# Amber Trichomes



## franco3420 (Aug 12, 2017)

I'm on my second crop for the year. I'm growing "Chem dawg". If you go by the flowering time suggested by the seed co. they say 8-10weeks. I googled the same question and got several different flowering times but one said 3 months. I'm in day 85 of the plants and only see traces of amber trichomes. Should I keep letting them age until I see more ambers or should I cut the plant down at 90 days. It seems like a pretty long time for flowering.


----------



## RubyRed (Aug 12, 2017)

All in preference.  All tthe trichs solid cloudy and not one Amber?.  I have grow many strains that have lots of diffrent opinions on the flower time.  So really it boils down to what you want. when I grew out Chem Dawg  I took mine at 100 days and had spots of Amber.  Hope this helps


----------



## WeedHopper (Aug 12, 2017)

What percentage of amber do you see? You should be ready for harvest,,,but the Triches will never lie.

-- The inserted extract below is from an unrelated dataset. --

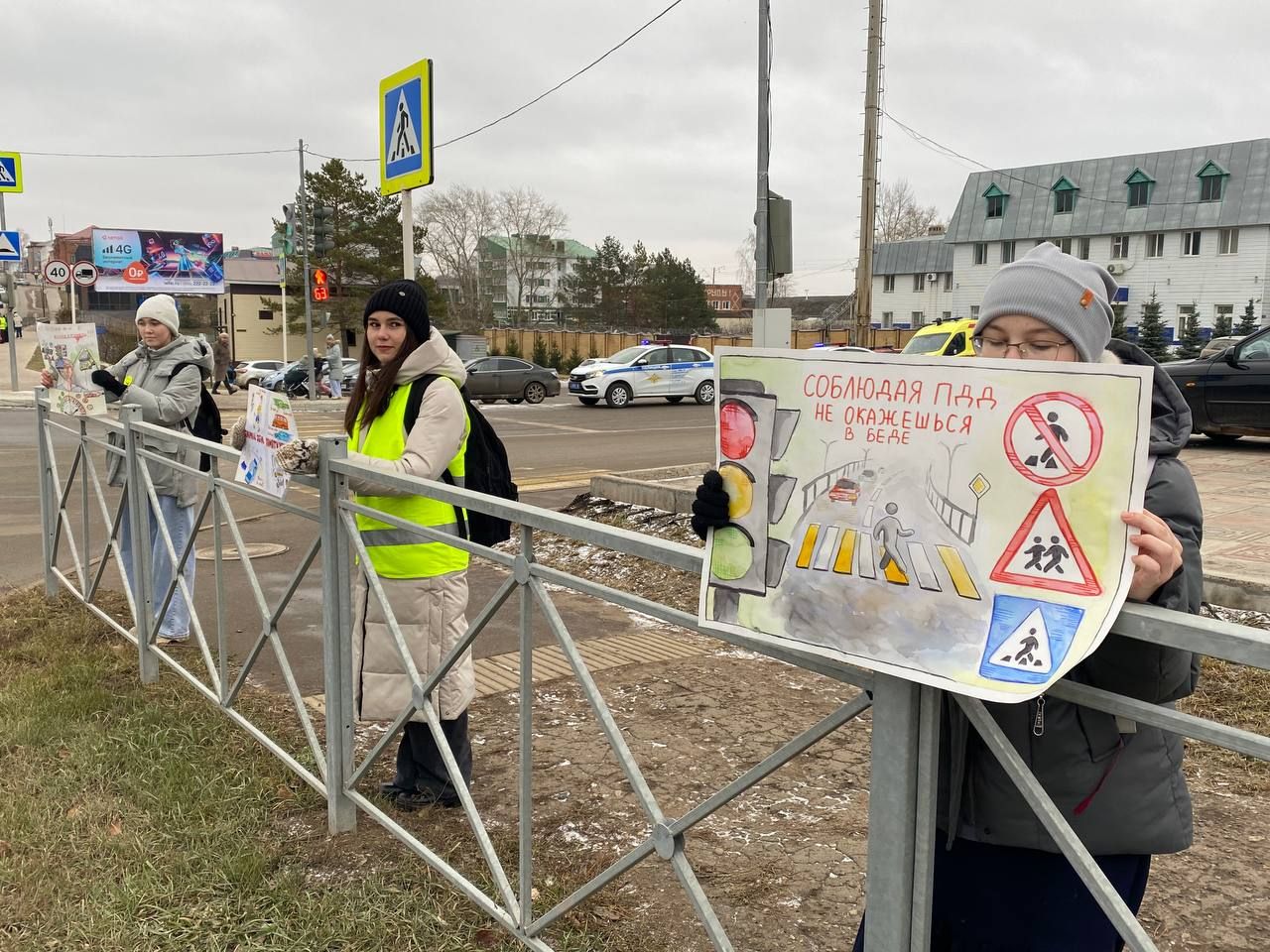 В Кукморе дети вышли на улицу с плакатами, призывающими соблюдать ПДД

If you have alot of cloudy triches with some amber i would take them down,,,but to each his own.
You just dont want alot of clear triches,,,you want cloudy going to amber throughout.


----------



## WoodHippy (Aug 12, 2017)

Where did you harvest it last time. Did it do what want. Did you think it could be better.  But what Hopper said is a Good Rule to go by the First time.


----------



## Hushpuppy (Aug 12, 2017)

Also something to remember is if you had any kind of issues with the plants during flower, that can affect how, when, and if it finishes correctly. Issues during flower cause the plant to pause its flowering function, and this can delay a harvest for 1 to several weeks. Also make sure you are looking at the trichomes under full spectrum light like sunlight. I have been fooled by the grow light spectrum before.


----------



## WeedHopper (Aug 12, 2017)

Hushpuppy said:


> Also something to remember is if you had any kind of issues with the plants during flower, that can affect how, when, and if it finishes correctly. Issues during flower cause the plant to pause its flowering function, and this can delay a harvest for 1 to several weeks. Also make sure you are looking at the trichomes under full spectrum light like sunlight. I have been fooled by the grow light spectrum before.



:yeahthat:


----------



## WeedHopper (Aug 12, 2017)

WoodHippy said:


> Where did you harvest it last time. Did it do what want. Did you think it could be better.  But what Hopper said is a Good Rule to go by the First time.



And :yeahthat:


----------



## franco3420 (Aug 13, 2017)

WeedHopper said:


> What percentage of amber do you see? You should be ready for harvest,,,but the Triches will never lie. If you have alot of cloudy triches with some amber i would take them down,,,but to each his own.
> You just dont want alot of clear triches,,,you want cloudy going to amber throughout.



Thanks for the input. I may wait another 5 days.


----------



## franco3420 (Aug 13, 2017)

WoodHippy said:


> Where did you harvest it last time. Did it do what want. Did you think it could be better.  But what Hopper said is a Good Rule to go by the First time.



Thank you for your input.


----------